¹⁸F-FDG PET/CT reports were recorded by junior physicians in the nuclear medicine department and reviewed by experienced ¹⁸F-FDG PET/CT nuclear medicine specialists. According to the location, shape, size, localized CWT, radioactivity distribution, and SUVmax of the lesions, the characteristic of suspicious colorectal lesions was diagnosed by specialists. Besides, ≥3mm for the colon and ≥5mm for the rectum were considered as increased wall thickness. Localized thickening was defined as CWT that was localized and present in only one of parts of the colon.

Colonoscopy examination

All eligible patients underwent dietary preparation on a half-flow diet 2 days in advance and then a liquid diet 1 day in advance. Polyethylene glycol electrolytes (PGE; 137.15g; Shenzhen Wanhe Pharmaceutical Co., Ltd, Shenzhen, Guangdong Province, China) dissolved with 2000mL water was administered for bowel preparation six hours before colonoscopy examinations. Complete colonoscopy (Olympus CV-290, Olympus Medical Systems Corp, Tokyo, Japan) from caecal insertion to withdrawal of the colonoscopy was perform using the LCI or WL in all patients. The bowel cleanliness score (Boston score) was ≥7 in all patients (15). If colorectal neoplasms were found during the inspection, their size and location in the colon were estimated by the endoscopic physicians. All data were transferred to the Annet Medical Image Workstation (AnnetWS, Shenzhen Annet Information System Co., Ltd, Shenzhen, Guangdong Province, China). Endoscopic biopsy or electric resection was performed for pathological analysis.
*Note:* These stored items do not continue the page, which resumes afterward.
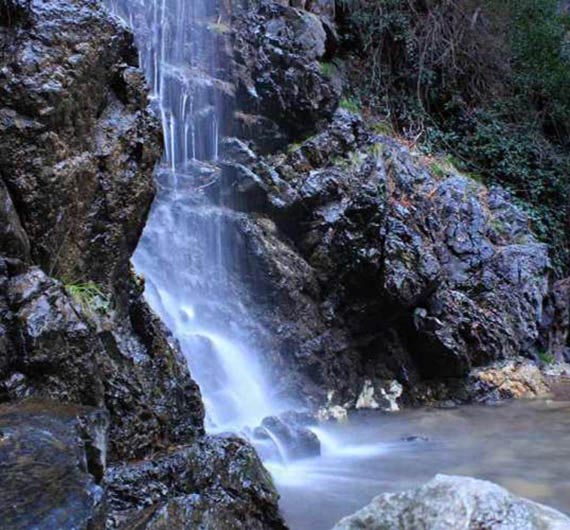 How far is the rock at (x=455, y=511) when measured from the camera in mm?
1958

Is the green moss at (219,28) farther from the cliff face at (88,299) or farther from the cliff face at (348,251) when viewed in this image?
the cliff face at (88,299)

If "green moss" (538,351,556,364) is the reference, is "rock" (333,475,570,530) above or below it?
above

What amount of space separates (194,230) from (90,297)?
423 centimetres

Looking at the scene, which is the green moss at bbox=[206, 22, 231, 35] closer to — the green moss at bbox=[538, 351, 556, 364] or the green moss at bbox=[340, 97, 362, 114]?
the green moss at bbox=[340, 97, 362, 114]

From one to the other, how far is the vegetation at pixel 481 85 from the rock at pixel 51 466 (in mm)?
9710

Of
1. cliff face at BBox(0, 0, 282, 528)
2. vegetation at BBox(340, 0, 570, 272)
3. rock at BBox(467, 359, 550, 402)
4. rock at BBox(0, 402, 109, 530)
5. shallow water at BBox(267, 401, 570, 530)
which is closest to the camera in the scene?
rock at BBox(0, 402, 109, 530)

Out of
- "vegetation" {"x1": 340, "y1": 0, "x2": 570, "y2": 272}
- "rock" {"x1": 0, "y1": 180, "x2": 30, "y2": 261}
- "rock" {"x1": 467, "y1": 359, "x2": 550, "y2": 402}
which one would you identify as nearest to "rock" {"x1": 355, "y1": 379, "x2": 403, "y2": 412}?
"rock" {"x1": 467, "y1": 359, "x2": 550, "y2": 402}

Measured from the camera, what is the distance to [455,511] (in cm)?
200

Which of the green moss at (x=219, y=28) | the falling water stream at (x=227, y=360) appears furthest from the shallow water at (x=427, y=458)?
the green moss at (x=219, y=28)

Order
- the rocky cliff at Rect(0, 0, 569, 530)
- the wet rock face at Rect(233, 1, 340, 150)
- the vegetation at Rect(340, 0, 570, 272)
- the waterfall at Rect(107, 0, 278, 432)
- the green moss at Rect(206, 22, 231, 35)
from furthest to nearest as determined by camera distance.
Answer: the vegetation at Rect(340, 0, 570, 272) < the green moss at Rect(206, 22, 231, 35) < the wet rock face at Rect(233, 1, 340, 150) < the waterfall at Rect(107, 0, 278, 432) < the rocky cliff at Rect(0, 0, 569, 530)

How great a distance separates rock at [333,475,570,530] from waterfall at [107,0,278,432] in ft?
11.9

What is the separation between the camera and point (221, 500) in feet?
10.1

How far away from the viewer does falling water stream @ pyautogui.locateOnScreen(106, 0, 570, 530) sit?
15.9 ft

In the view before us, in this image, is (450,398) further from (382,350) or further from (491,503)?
(491,503) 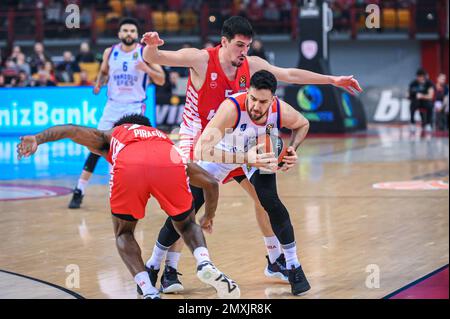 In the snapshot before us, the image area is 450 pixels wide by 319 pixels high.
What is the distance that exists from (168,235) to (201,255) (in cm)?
94

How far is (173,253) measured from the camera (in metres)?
7.67

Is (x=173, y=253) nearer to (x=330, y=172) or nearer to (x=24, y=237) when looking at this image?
(x=24, y=237)

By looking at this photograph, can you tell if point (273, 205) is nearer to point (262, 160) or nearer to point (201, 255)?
point (262, 160)

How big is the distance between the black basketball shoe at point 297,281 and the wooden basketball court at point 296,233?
7 cm

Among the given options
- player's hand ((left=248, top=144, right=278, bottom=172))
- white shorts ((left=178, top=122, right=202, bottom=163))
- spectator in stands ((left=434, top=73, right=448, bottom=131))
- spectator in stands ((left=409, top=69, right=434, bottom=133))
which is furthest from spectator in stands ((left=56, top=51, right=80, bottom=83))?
player's hand ((left=248, top=144, right=278, bottom=172))

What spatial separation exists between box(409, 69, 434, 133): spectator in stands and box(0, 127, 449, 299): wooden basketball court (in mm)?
9989

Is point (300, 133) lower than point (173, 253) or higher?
higher

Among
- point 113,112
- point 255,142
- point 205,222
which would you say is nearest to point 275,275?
point 205,222

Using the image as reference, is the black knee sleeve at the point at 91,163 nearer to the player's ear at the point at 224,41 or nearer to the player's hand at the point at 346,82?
the player's ear at the point at 224,41

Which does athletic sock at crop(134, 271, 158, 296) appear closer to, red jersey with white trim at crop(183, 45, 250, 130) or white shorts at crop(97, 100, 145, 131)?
red jersey with white trim at crop(183, 45, 250, 130)

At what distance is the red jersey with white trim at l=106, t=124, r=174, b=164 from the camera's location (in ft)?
22.2

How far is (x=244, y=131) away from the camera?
729cm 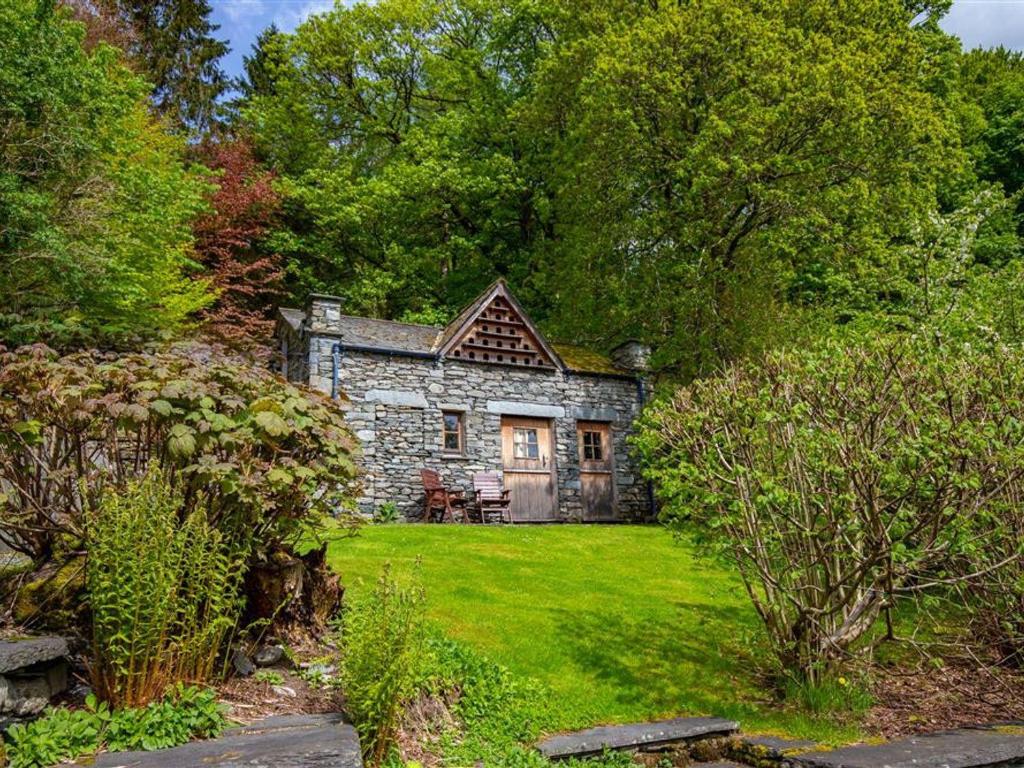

Data collection and analysis

The statistical description of numerical variable data is expressed as the mean (x ± s), and the statistical description of categorical variable data is expressed as the constituent ratio (%). T test or Mann–Whitney U test was used for statistical data, and Chi-square test or Fisher’s exact probability method was used for statistical data. We applied ROC curves, showing sensitivity and specificity, to evaluate the optimal cut-off value for SUVmax in differentiating colorectal high-risk lesions. P<0.05 was considered statistically significant. SPSS 16.0 software (Chicago, IL, United States) was used in the statistical process. GraphPad Prism 8.0.2 software was used for the mapping.

Results

Basic patient characteristics

¹⁸F-FDG PET/CT found 44 patients with incidental focal colorectal FDG uptake foci (Figures 2, 3). Among the 44 patients with incidental focal colorectal ¹⁸F-FDG uptake, there were 32 males and 12 females, with an average age of 62.12 ± 9.96 years (37-78 years), and the top three indications of ¹⁸F-FDG PET/CT examination were lung cancer or lung nodule or lung cancer after surgery (18.2%), malignant liver tumour (13.6%) and metastatic cancer with unknown primary foci (9.1%). (Table 1).

FIGURE 2

Figure 2 A middle-aged man underwent 18F-FDG PET/CT for left lung squamous cell carcinoma. Incidental focal 18F-FDG uptake was found in thesigmoid colon. The patient underwent colonoscopy and pathology examination. (A) Abnormal 18F-FDG PET/CT uptake in the sigmoid colon. (B) shows a sigmoid colonpolyp with a diameter of 2.5 cm. (C) shows the pathological pattern of villous tubular adenoma with high-grade intraepithelial neoplasia.

FIGURE 3

Figure 3 A middle-aged man underwent 18F-FDG PET/CT for left pulmonary nodules. Incidental focal uptake of 18F-FDG was found in the rectum. The patient underwent colonoscopy and pathology examination. (A) Abnormal uptake of 18F-FDG PET/CT in the rectum. (B) shows a colonoscopic pedicled polyp with a diameter of approximately 2.0 cm. (C) shows the pathological type of villous tubular adenoma.

TABLE 1

Table 1 Basic information of patients with incidental focal colorectal ¹⁸F-FDG uptake foci (n=44).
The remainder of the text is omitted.